TASK STATEMENT:
Please set out each line below exactly as it stands, without the images.
SUPPLIED INFORMATION START
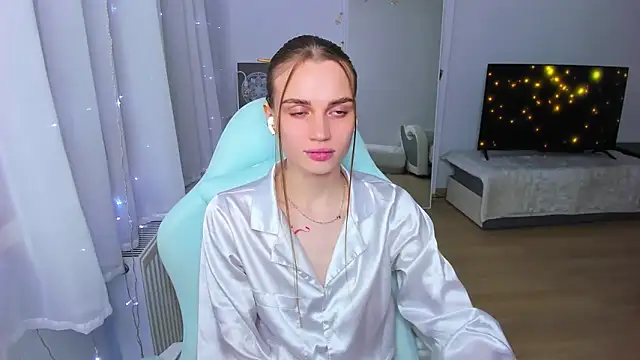 StellaLawless online show from 19, 12, 2024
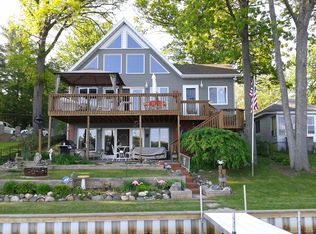 1631 N Crooked Lake Dr, Lake, MI 48632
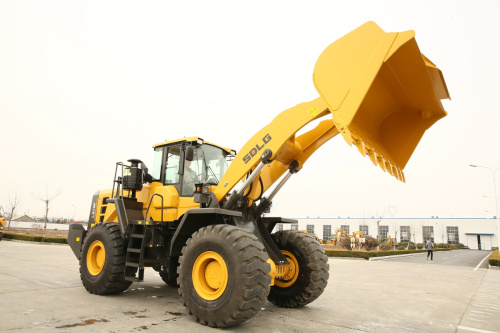 Погрузчик фронтальный одноковшовый SDLG L975F Погрузчик фронтальный одноковшовый SDLG L975F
SUPPLIED INFORMATION END
RESULT OF THIS TASK:
 StellaLawless online show from 19, 12, 2024
 1631 N Crooked Lake Dr, Lake, MI 48632
 Погрузчик фронтальный одноковшовый SDLG L975F Погрузчик фронтальный одноковшовый SDLG L975F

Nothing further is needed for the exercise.